Recalling the period after the Kargil War which India ultimately won, and how the role of the RAW came under scrutiny, Jarnail Singh writes that Vajpayee’s Principal Secretary Brajesh Mishra had asked him to check for mention of intrusions in Kargil sector. Jarnail Singh then checked all reports from January 1999 right up to the months preceding May 1999.
“Surprisingly, there was no information of intrusions, either before or after, in the reports,” he writes in his book which is to be released shortly.
He goes on to remind the readers that “surprisingly nobody was punished for the serious lapses in which about 527 soldiers sacrificed their lives…”
Jarnail Singh also notes that the RAW chief, during the Kargil intelligence fiasco, was ultimately rewarded with the governorship of a northeastern state.
“With Four Prime Ministers…” attempts to give a personalised peek into the action that takes place behind the scenes in the PMO. It comes hot on the heels of the book by another top bureaucrat, Montek Singh Ahluwalia.

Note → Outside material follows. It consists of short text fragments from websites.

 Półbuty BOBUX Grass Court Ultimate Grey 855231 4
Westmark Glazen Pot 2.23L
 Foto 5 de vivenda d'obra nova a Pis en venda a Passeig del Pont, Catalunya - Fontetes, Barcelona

As a memoir of his years as Joint Secretary in the PMO, the book chronicles Jarnail Singh’s experiences serving under four different Prime Ministers in the politically turbulent years of fragile coalitions that summarised the post-P.V. Narasimha Rao era of liberalisation.
Of the four Prime Ministers – Deve Gowda, Gujral, Vajpayee, and Manmohan Singh, Jarnail Singh spent the maximum duration of six years under Vajpayee. He also looks back with fondness to this period, terming it as the ‘Golden Era’ for infrastructure and economic development in the history of India.

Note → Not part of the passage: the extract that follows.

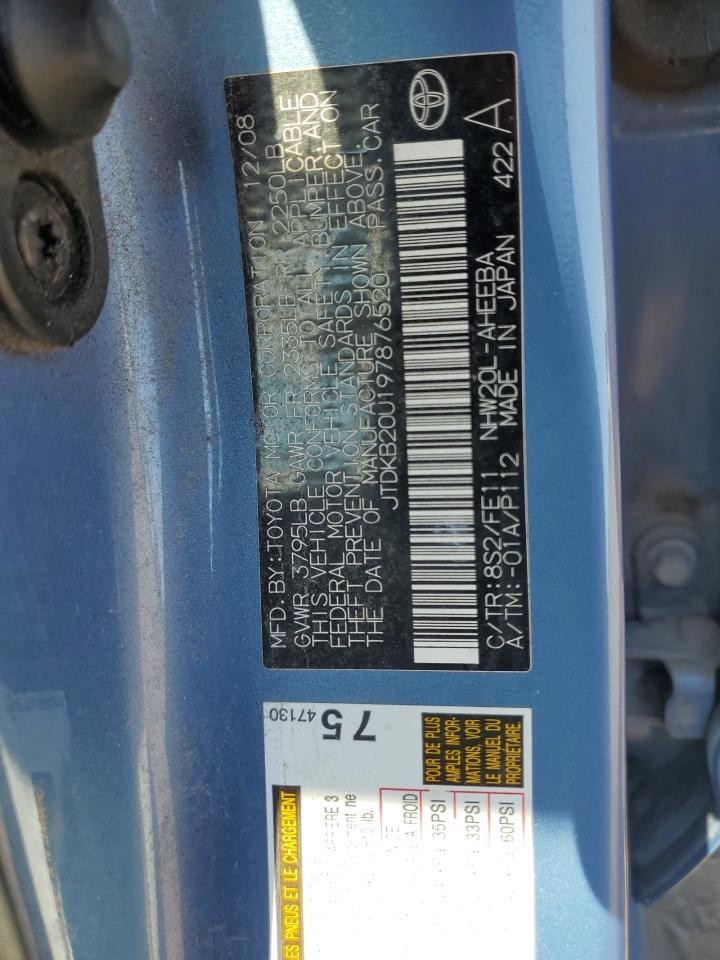 Toyota Prius Image 2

He spent around nine months each with Deve Gowda and Gujral, and just three months with Manmohan Singh.
Dipping extensively into a personal journal that he maintained throughout, Jarnail Singh has pieced together a narrative that gives a ring-side view of the functioning of the PMO, and the factors at play thereof.
Singh recalls Deve Gowda as a quick decision maker, and a pro-rural Prime Minister. He credits him with taking the first big development initiatives for the North East.
Gujral, who succeeded Deve Gowda, is categorised as a political lightweight, whose strengths lay in external affairs. “A thorough gentleman with a soft corner for Punjab” is how Singh describes Gujral.
Singh who spent barely three months in Manmohan Singh’s PMO, remembers that his approach to work was like an officer and not that of a politician.